E ci sono anche i testi che si portano dietro l’approccio alla parola proprio dei linguaggi poetici più elaborati.
E ci sono richiami alla musica jungle, soprattutto quando i due batteristi decidono di pestare il piede sull’acceleratore.
E c’è pure il gusto per la ballata cantautorale con un bel pianoforte al centro del palco e l’apertura finale di sapore sinfonico.
E poi c’è anche quel che va oltre le canzoni. L’equilibrio della performance si spinge ben oltre il puro ascolto: mi è capitato raramente di assistere ad un live in cui musica e scenografia fossero così ben integrate come è stato martedì 25 settembre. I display proiettano contemporaneamente giochi di luce e immagini della band sul palco mentre l’intera illuminazione segue il ritmo delle canzoni con ipnotica precisione. I suoni diventano visioni e le visioni diventano suoni. Una raffinatissima miscela che regala al pubblico l’idea di assistere ad un’opera d’arte “totale”. I Radiohead (ed il loro staff tecnico) riescono non solo a trascendere i limiti imposti dal concetto di genere musicale, ma anche i confini – dati spesso per scontati ma per nulla invalicabili – fra opera musicale e opera visiva.
Il concerto come opera d’arte a sé stante.
Tutto sembra durare poco, e invece sono passate due ore e mezzo da quando la band è salita sul palco. Quasi quattro ore se si considera l’esibizione del gruppo di supporto.
Due bis non bastano. Il pubblico vorrebbe ancora qualcosa in più.
“Cazzo, ma Karma Police non l’hanno fatta…”
“Nooo! Ma hanno suonato solo un paio d’ore…”
A mezzanotte, o poco prima, lo show finisce. La band saluta e le luci di scena si spengono. Yorke e compagni si sono sottoposti ad uno di quei concerti spezzagambe che fanno perdere quattro chili in una sola serata. Di più non si poteva chiedere.

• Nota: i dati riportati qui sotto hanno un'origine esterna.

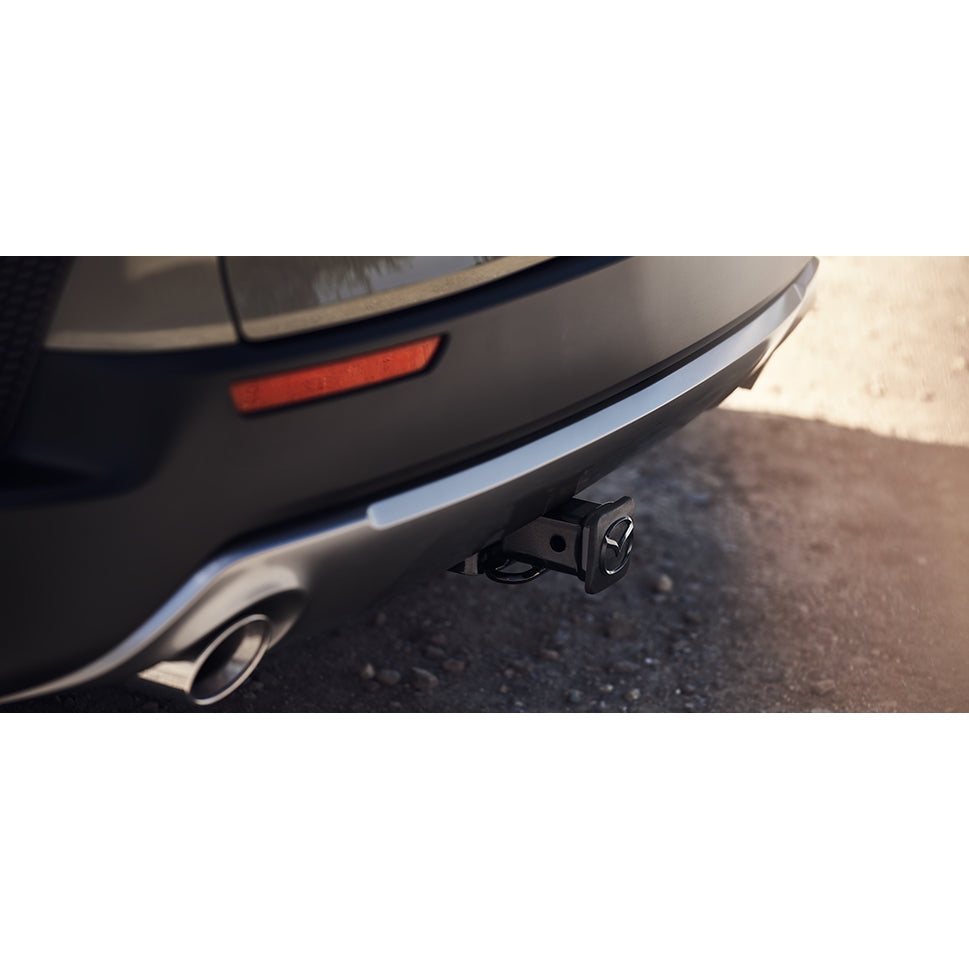 Trailer Hitch - 2&quot; Receiver &amp; Harness | Mazda CX-50 (2023)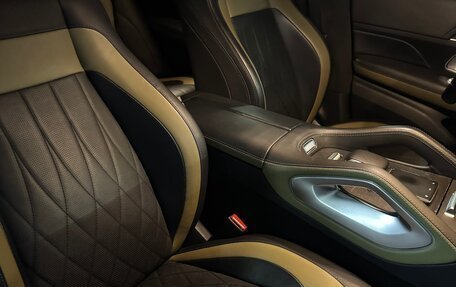 Mercedes-Benz GLE, 2021 год, 9 000 000 рублей, 3 фотография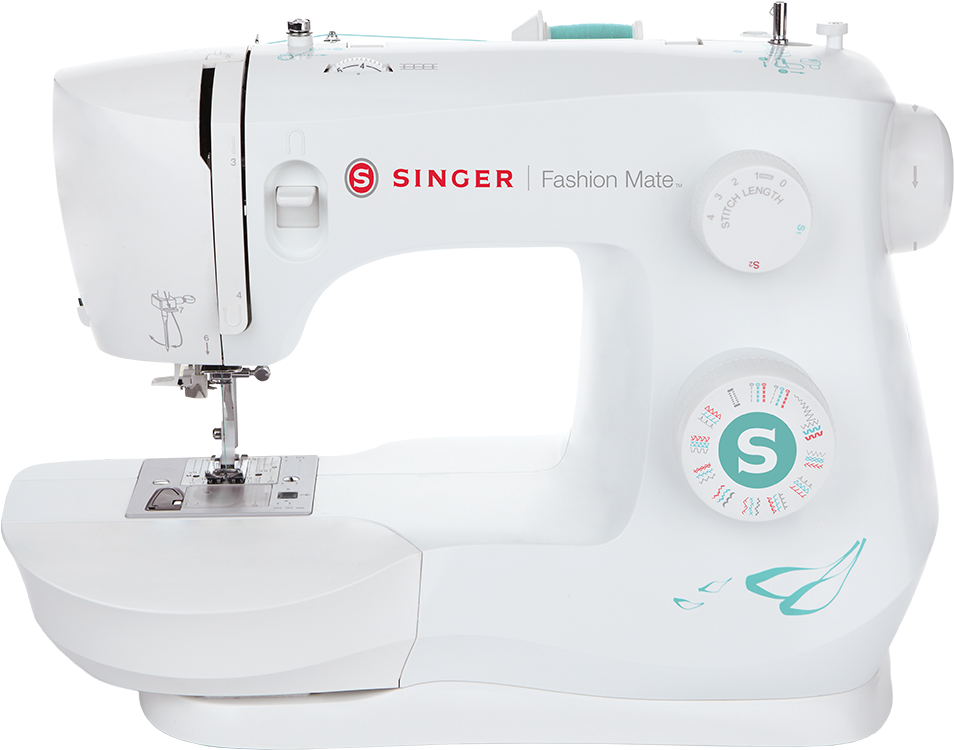 Singer Fashion Mate 3337 Nähmaschine (3337) von Singer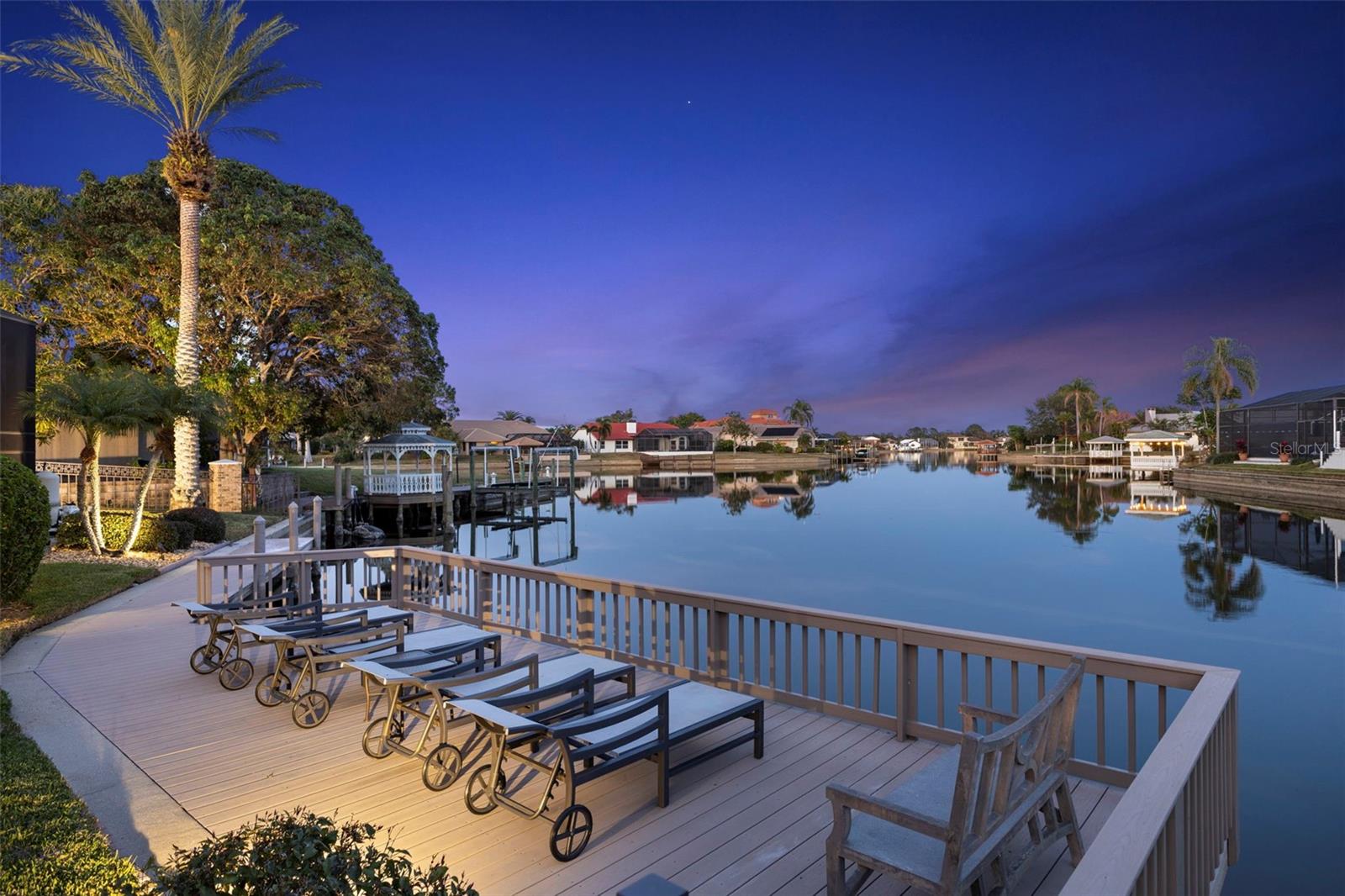 BAYSIDE SOUTH - Residential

Mentre mi avvio al parcheggio, mi passano accanto due ragazzi che potranno avere diciotto anni.
“E dai! Stavolta è andata così ma alla prossima…”
“Sì, sì! Vedi che alla prossima ci tornano, qui!”
“Sì, dai. Tre o quattro anni e se fanno il tour in Italia in Piazza Maggiore ci vengono!”
“E sì che ci vengono. Sai che figata, il concerto in piazza!”
Il bello della buona musica: regala sempre nuove speranze.
Poco realistiche, magari. Ma pur sempre speranze.